Your answer must consist of the records below, reproduced exactly, with every picture removed.
*-*-*
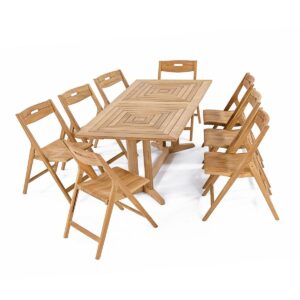 Toulon 8pc Pyramid Teak Dining Set Rectangular Table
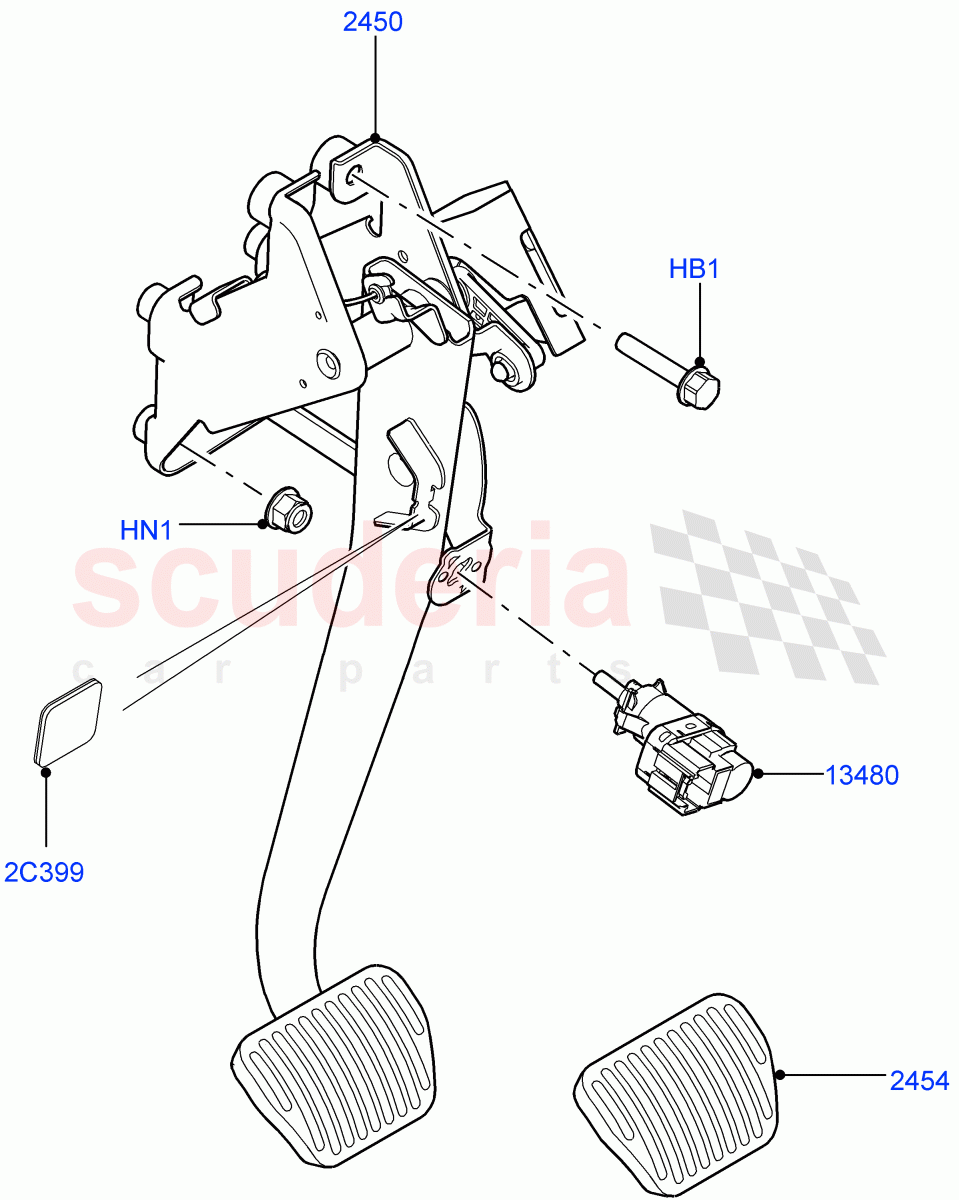 Brake And Clutch Controls (8 Speed Auto Trans ZF 8HP70 HEV 4WD) ((V) FROMFA000001) of Land Rover Land Rover Range Rover Sport (2014+) [3.0 Diesel 24V DOHC TC]
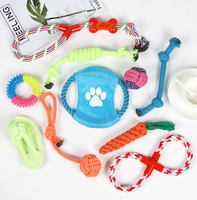 Lot de 9 jouets de luxe pour chiots, jouets à mâcher pour la dentition des petits chiens, balles en peluche mignonnes qui couinent, jouets interactifs en corde, ensemble de jeu durable pour l'entraînement dentaire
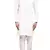White cotton blendmens  kurta with churidar set
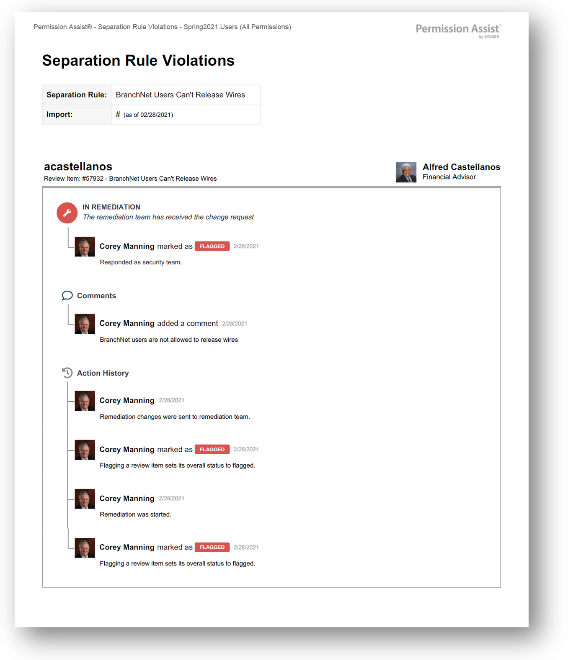 Separation Rule Violations report sample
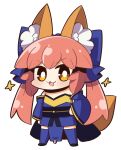  1girl :3 :d animal_ears bangs blue_bow blue_kimono blue_legwear bow chibi commentary_request detached_sleeves eyebrows_visible_through_hair fate/extra fate_(series) fox_ears fox_girl fox_tail full_body hair_bow hand_on_hip japanese_clothes kimono light_blush long_hair long_sleeves looking_at_viewer obi open_mouth pelvic_curtain pink_hair plover sash sidelocks simple_background smile smug solo sparkle split_ponytail standing tail tamamo_(fate) tamamo_no_mae_(fate/extra) thigh-highs tongue v-shaped_eyebrows white_background wide_sleeves yellow_eyes zettai_ryouiki 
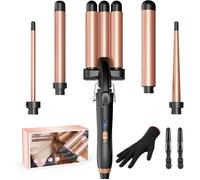 Boucleur 3 Tete Fer A Boucler-5 In 1 Boucleur A Cheveux En Céramique Fer À Friser 2 Températures, Fer A Onduler Chauffage Rapide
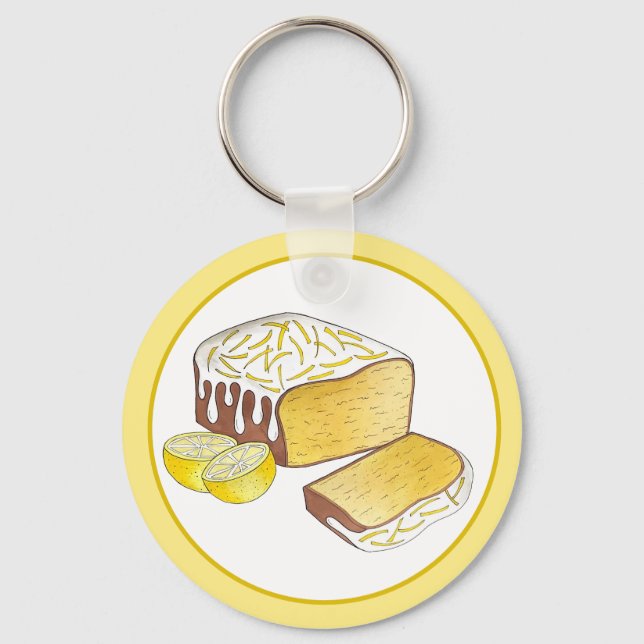 Lemon Drizzle Pound Cake Loaf British Baking Food Keychain (Front)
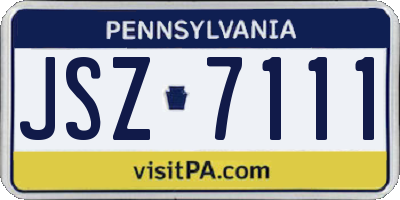 PA license plate JSZ7111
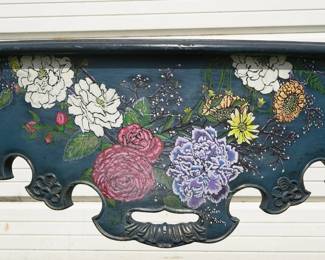 Blue hand-painted floral half-moon console table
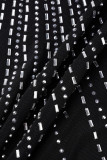 Black Elegant Hot Drilling Patchwork See-through Halter Long Dress Dresses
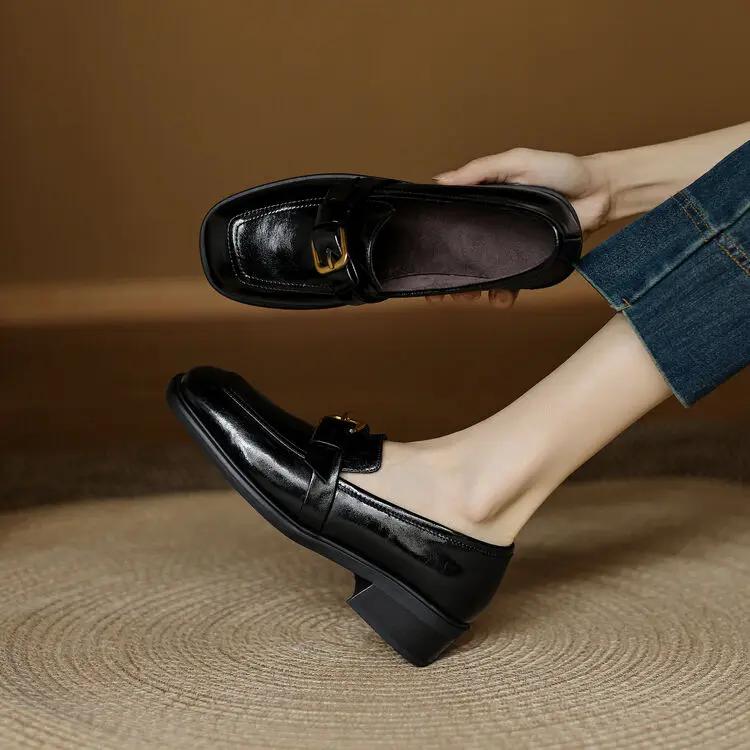 Модные новые осенне-зимние женские туфли-лодочки из спилковой кожи для женщин французский квадратный носок лоферы zapatos mujer массивные каблуки женская обувь 34 5767₽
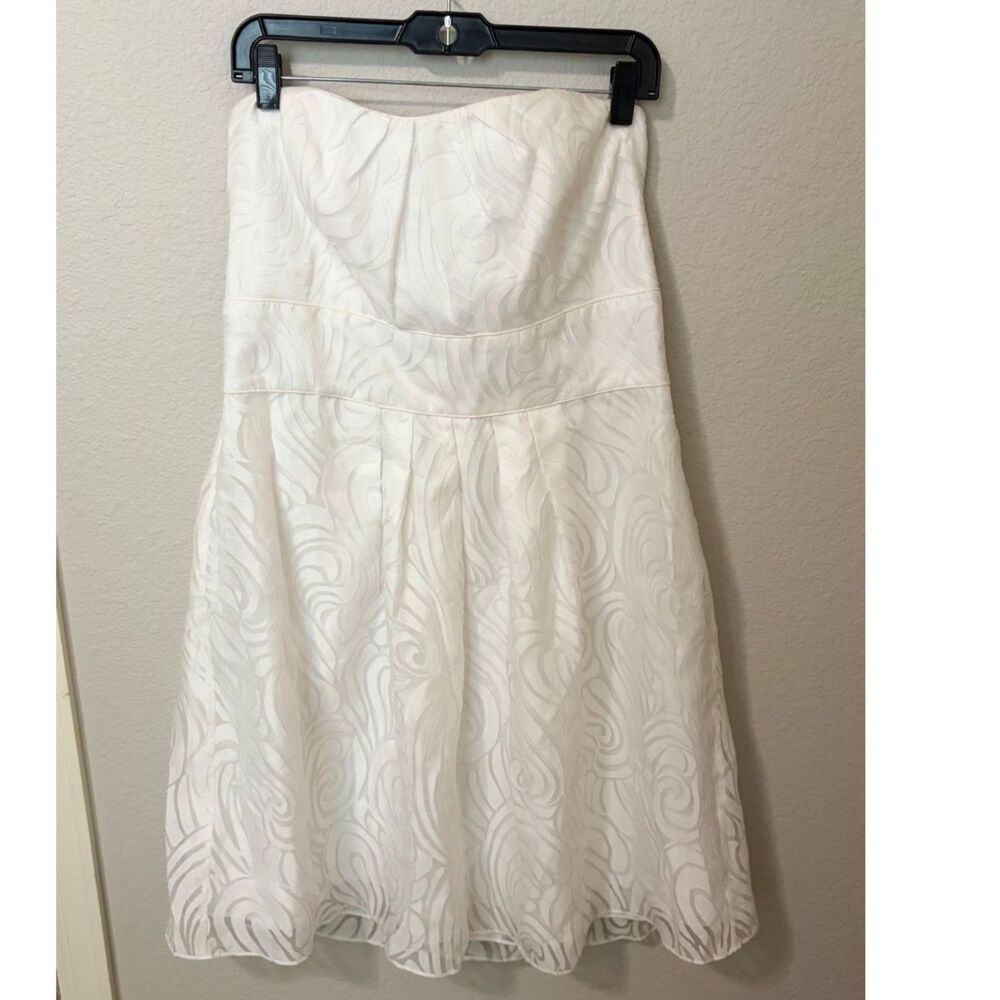 White House Black Market Ivory Jacquard Strapless Dress Size 14 NWT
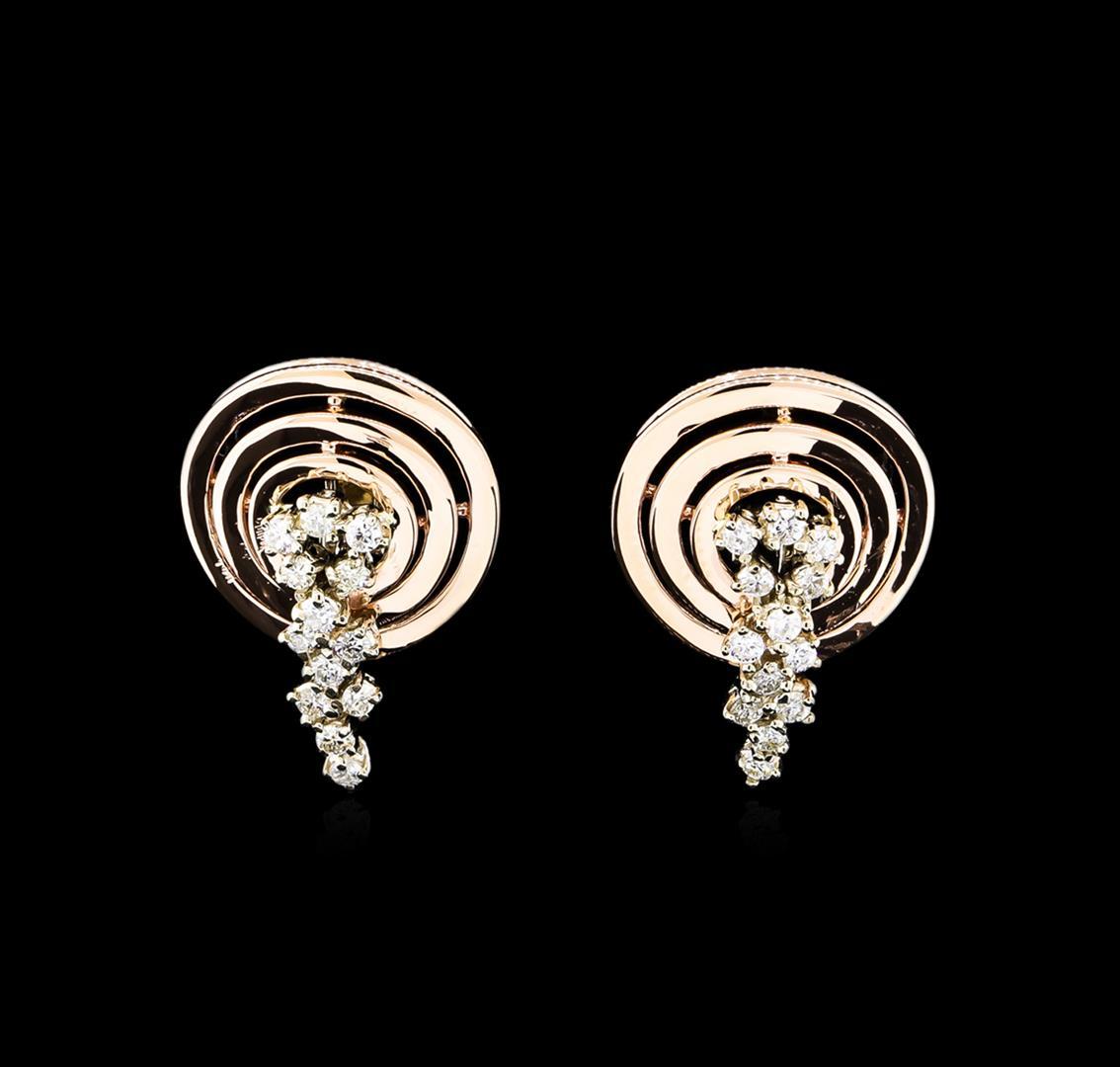 0.88 ctw Diamond Earrings - 14KT Two-Tone Gold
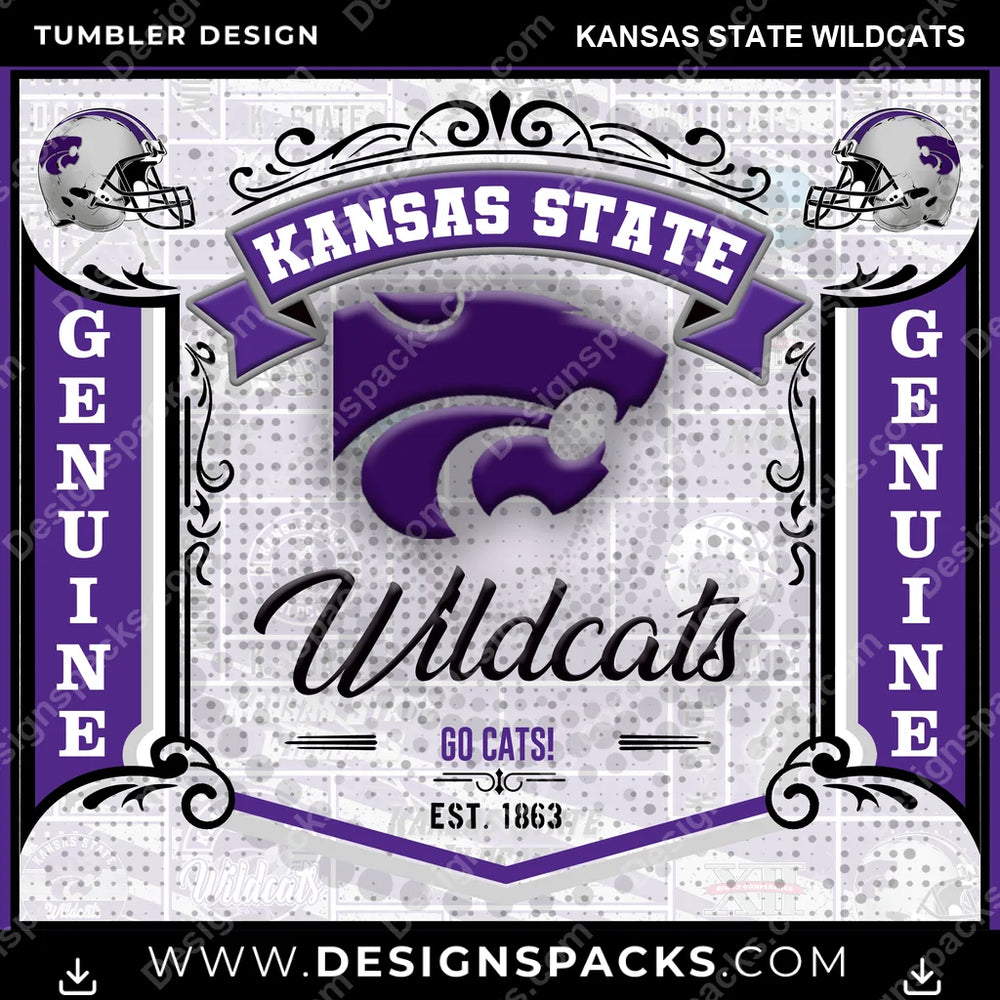 College Sport Bud Kansas State Wildcats NCAA College Sport Tumbler Digital Wrap Design Download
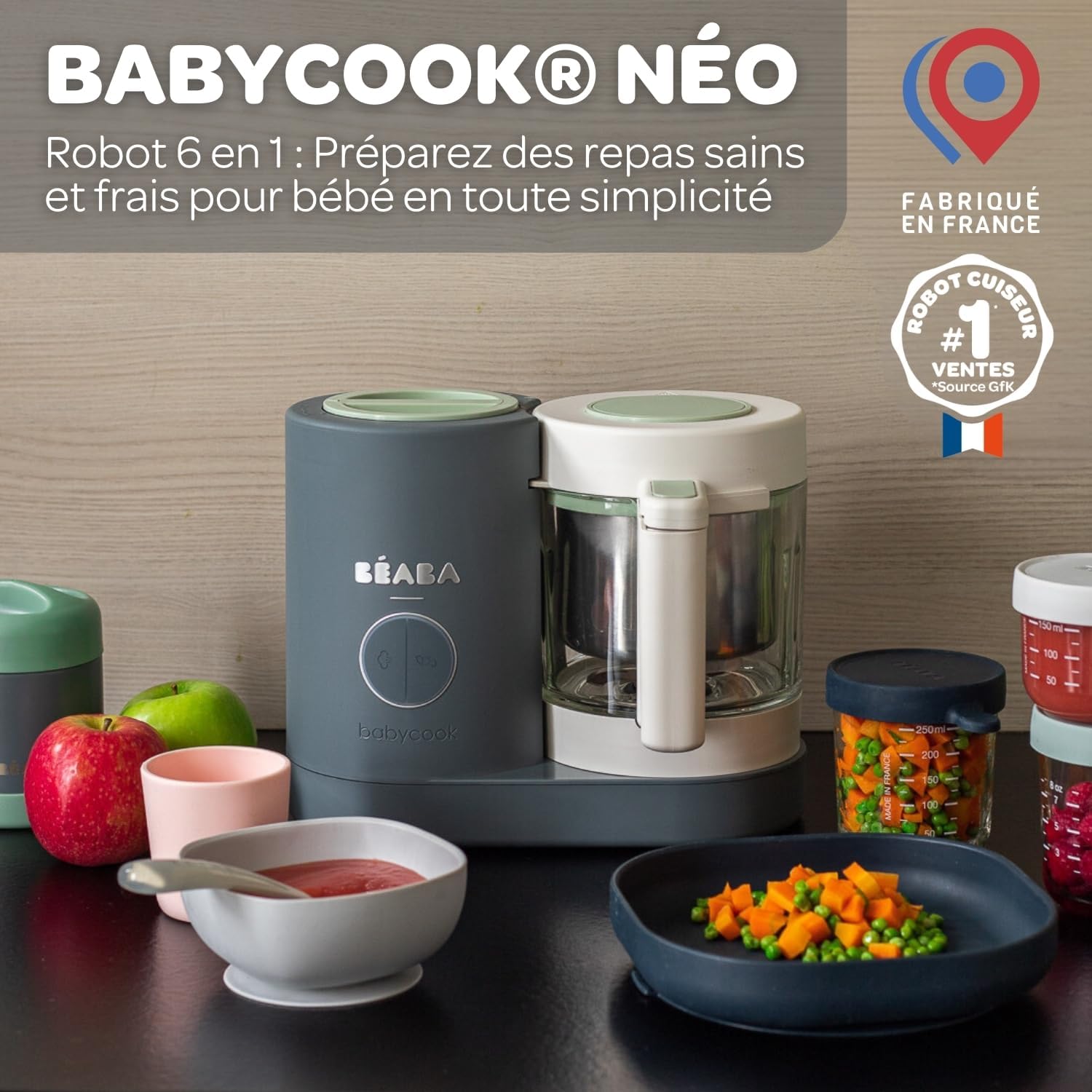 BÉABA, Babycook Néo, Mixeur Cuiseur Vapeur 6 en 1, Robot Bebe Fabriqué en France, Bol en Verre, Cuve Inox, Grande contenance, Diversification alimentaire, Petits pots bébé maison, Rapide, Eucalyptus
*-*-*
▸ **RESULT OF THE TASK**
 Toulon 8pc Pyramid Teak Dining Set Rectangular Table
 Brake And Clutch Controls (8 Speed Auto Trans ZF 8HP70 HEV 4WD) ((V) FROMFA000001) of Land Rover Land Rover Range Rover Sport (2014+) [3.0 Diesel 24V DOHC TC]
 Lot de 9 jouets de luxe pour chiots, jouets à mâcher pour la dentition des petits chiens, balles en peluche mignonnes qui couinent, jouets interactifs en corde, ensemble de jeu durable pour l'entraînement dentaire
White cotton blendmens  kurta with churidar set
 Separation Rule Violations report sample
  1girl :3 :d animal_ears bangs blue_bow blue_kimono blue_legwear bow chibi commentary_request detached_sleeves eyebrows_visible_through_hair fate/extra fate_(series) fox_ears fox_girl fox_tail full_body hair_bow hand_on_hip japanese_clothes kimono light_blush long_hair long_sleeves looking_at_viewer obi open_mouth pelvic_curtain pink_hair plover sash sidelocks simple_background smile smug solo sparkle split_ponytail standing tail tamamo_(fate) tamamo_no_mae_(fate/extra) thigh-highs tongue v-shaped_eyebrows white_background wide_sleeves yellow_eyes zettai_ryouiki 
 Boucleur 3 Tete Fer A Boucler-5 In 1 Boucleur A Cheveux En Céramique Fer À Friser 2 Températures, Fer A Onduler Chauffage Rapide
 Lemon Drizzle Pound Cake Loaf British Baking Food Keychain (Front)
 PA license plate JSZ7111
 Blue hand-painted floral half-moon console table
 Black Elegant Hot Drilling Patchwork See-through Halter Long Dress Dresses
 Модные новые осенне-зимние женские туфли-лодочки из спилковой кожи для женщин французский квадратный носок лоферы zapatos mujer массивные каблуки женская обувь 34 5767₽
 White House Black Market Ivory Jacquard Strapless Dress Size 14 NWT
 0.88 ctw Diamond Earrings - 14KT Two-Tone Gold
 College Sport Bud Kansas State Wildcats NCAA College Sport Tumbler Digital Wrap Design Download
 BÉABA, Babycook Néo, Mixeur Cuiseur Vapeur 6 en 1, Robot Bebe Fabriqué en France, Bol en Verre, Cuve Inox, Grande contenance, Diversification alimentaire, Petits pots bébé maison, Rapide, Eucalyptus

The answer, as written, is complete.